O STF decidirá sobre eleição para governador do Rio de Janeiro
O presidente do Supremo Tribunal Federal (STF), Edson Fachin, anunciou que o plenário da Corte analisará, em sessão presencial no dia 8 de abril de 2026, a vacância do cargo de governador do Rio de Janeiro. A decisão visa definir se a eleição para o posto será direta ou indireta, em meio a disputas na linha sucessória. O anúncio ocorreu por meio de comunicado oficial em 30 de março de 2026, destacando a necessidade de estabilidade institucional.
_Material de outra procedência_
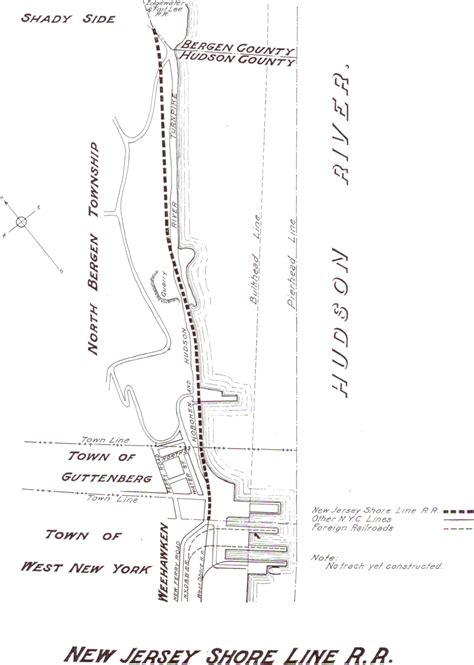 File:New Jersey Shore Line Railroad 1909.jpg - Wikipedia, the free encyclopedia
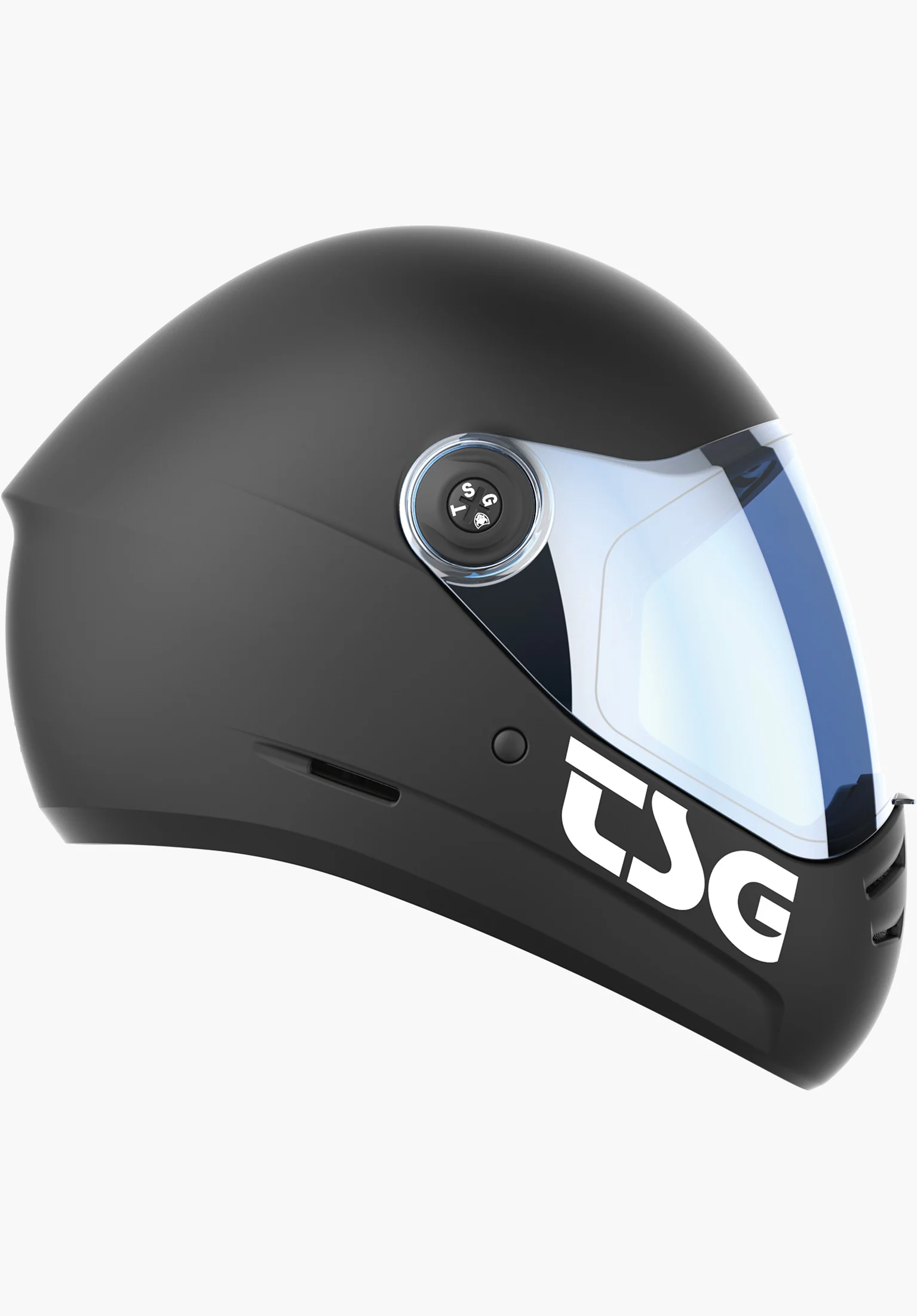 Pass Pro 2.0 Solid Color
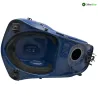 Reservoir YAMAHA TDM 900 2007-2010 ABS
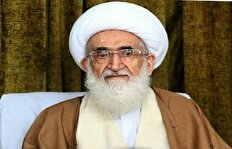 مشکلات کشور را به نام روحانیت تمام می‌کنند!، درحالی که کار دست دیگران است / هیچ نظارتی بر بازار نیست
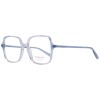 Ana Hickmann HIY6002 P02 51
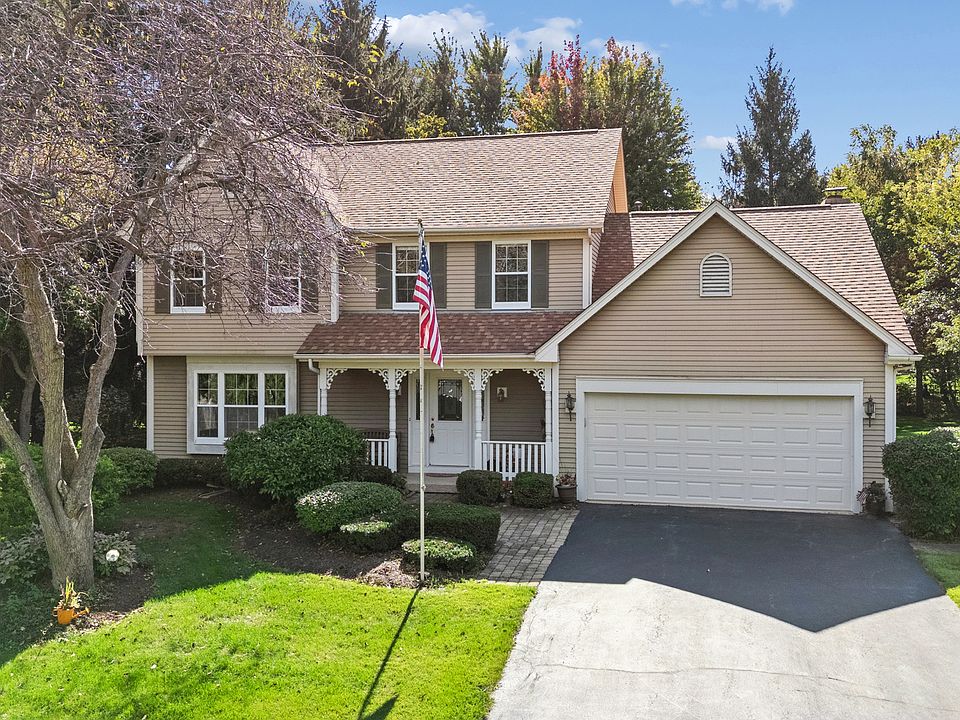 1st image of 42W433 Jens Jensen Ln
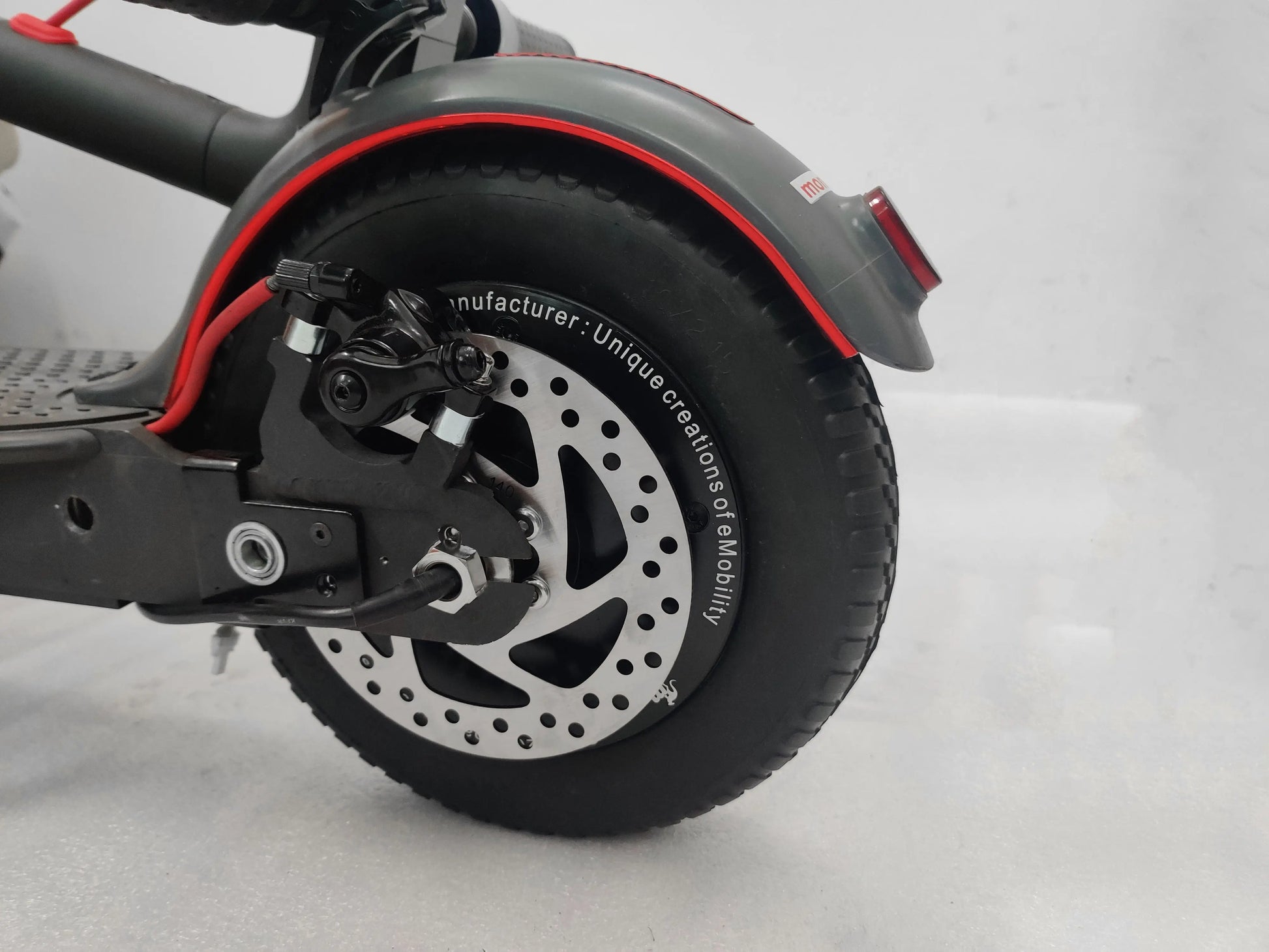 Monorim modified for xiaomi m365/pro1/pro2 scooters : r/monorimmodified Monorim modified for xiaomi m365/pro1/pro2 scooters : r/monorimmodified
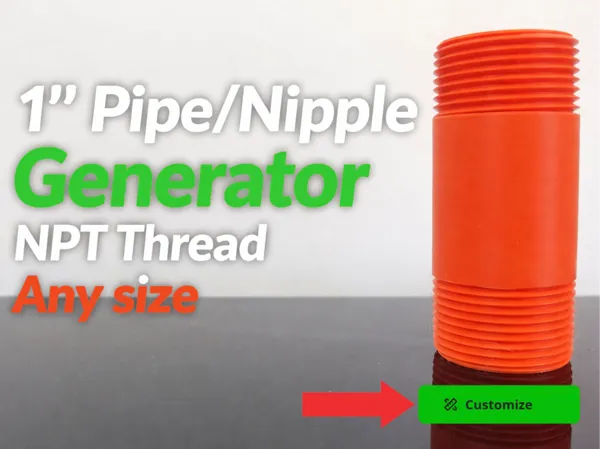 https://makerworld.bblmw.com/makerworld/model/US281fa74934aea/design/64c09484c06b346f.jpg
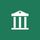 HOA Simplify icon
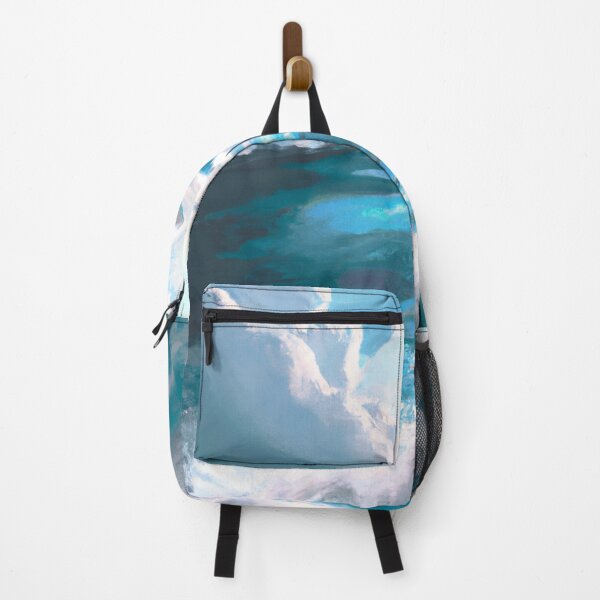 Item preview, Dreams are made of sand and sunsets. designed and sold by Chris Purdy.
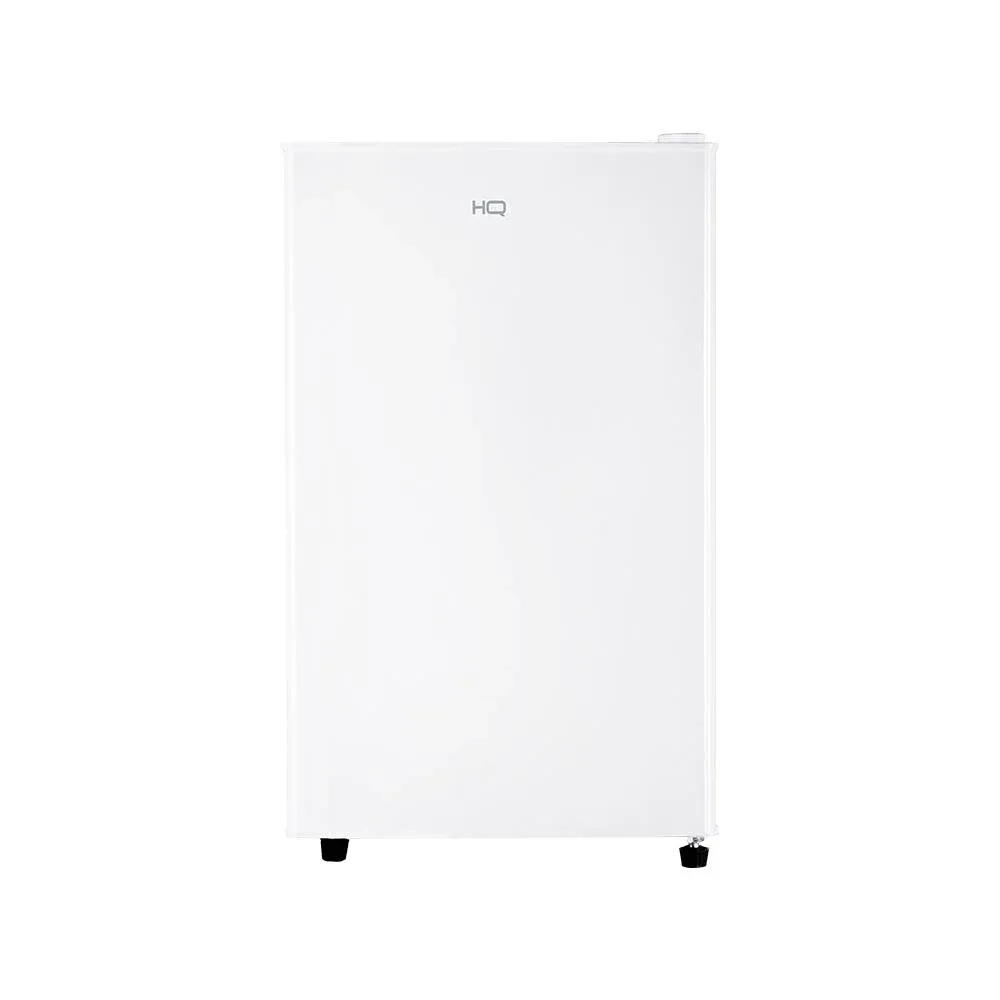 Frigobar HQ 76 Litros Branco BC-76 - 127V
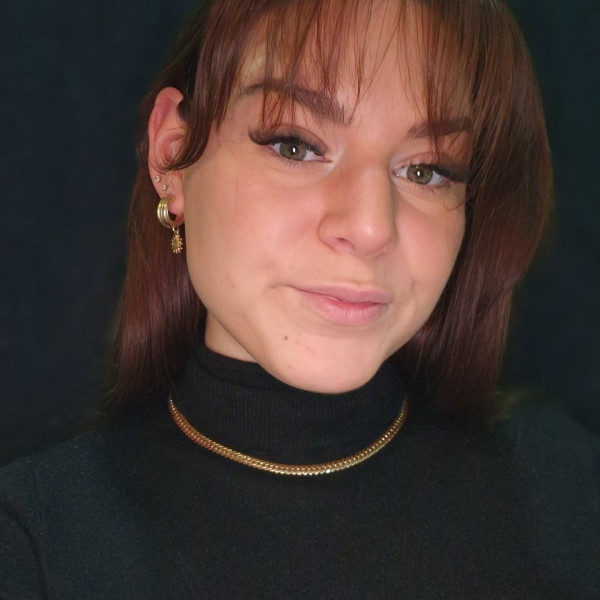 Chloe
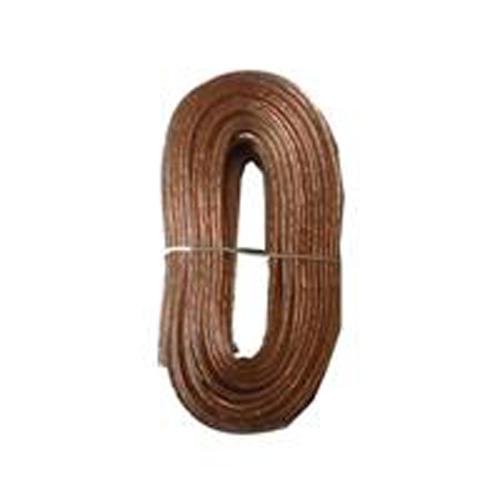 GlobalTone Câble Haut-Parleurs 16 AWG - 25 pi - Simple Boutique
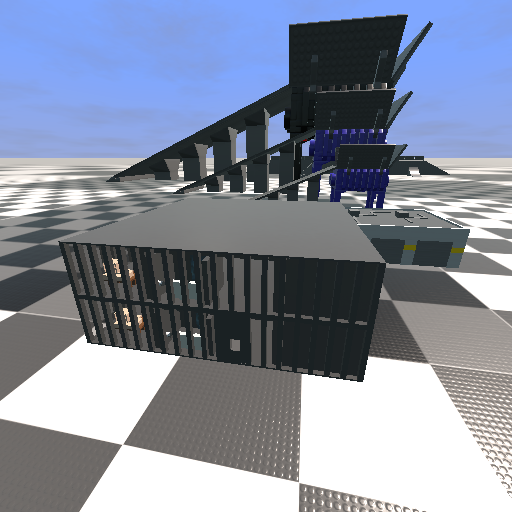 Office Building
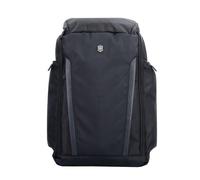Victorinox Altmont Professional Commuter - Rucksack 49 cm (black)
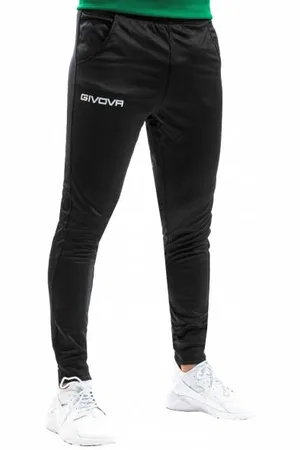 Givova One Pantaloni della tuta P019-0010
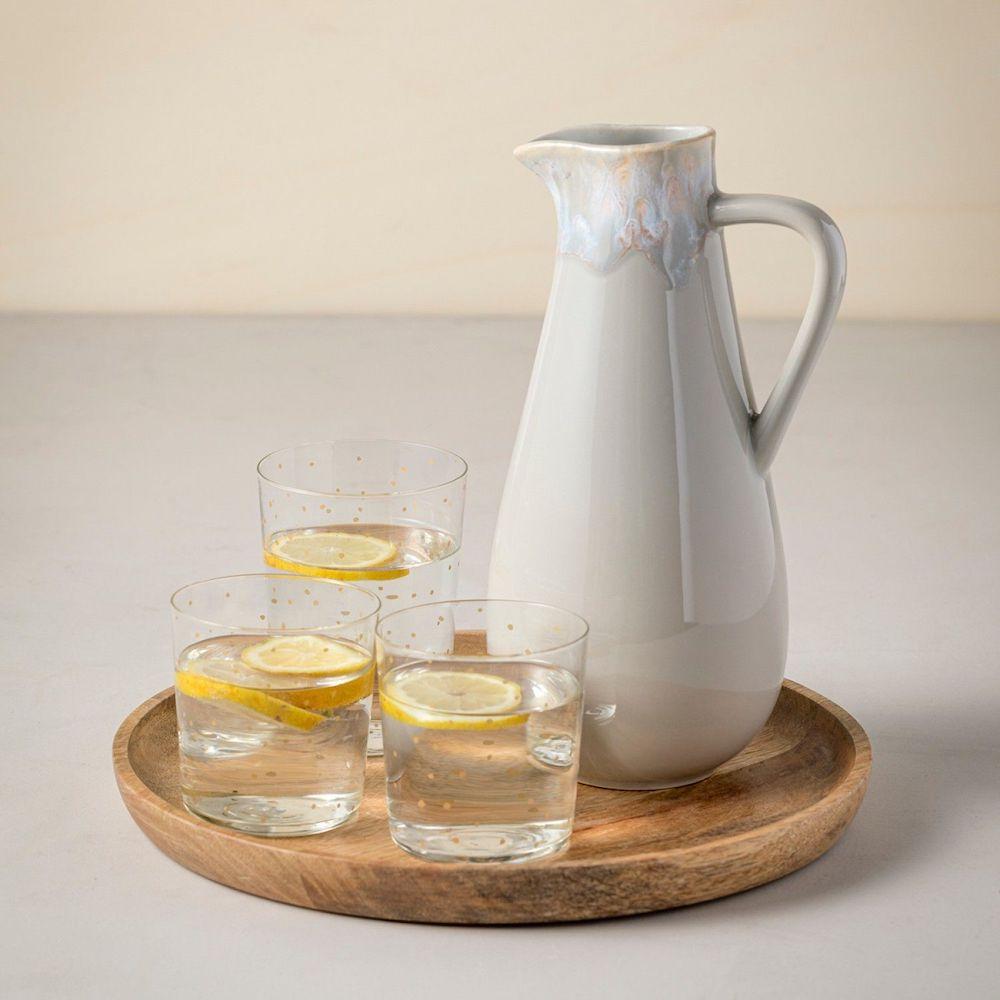 luisa-paix-o-taormina-carafe-en-gr-s-grise-1-7-l image 8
Contexto da vacância e renúncia de Cláudio Castro
A vacância surgiu após a renúncia de Cláudio Castro ao cargo de governador em 23 de março de 2026, para concorrer ao Senado. Disputas na sucessão envolvem afastamentos e inelegibilidades decididas pelo Tribunal Superior Eleitoral (TSE) em 24 de março de 2026. O Partido Social Democrático (PSD-RJ) defende a realização de eleição direta para resolver a questão.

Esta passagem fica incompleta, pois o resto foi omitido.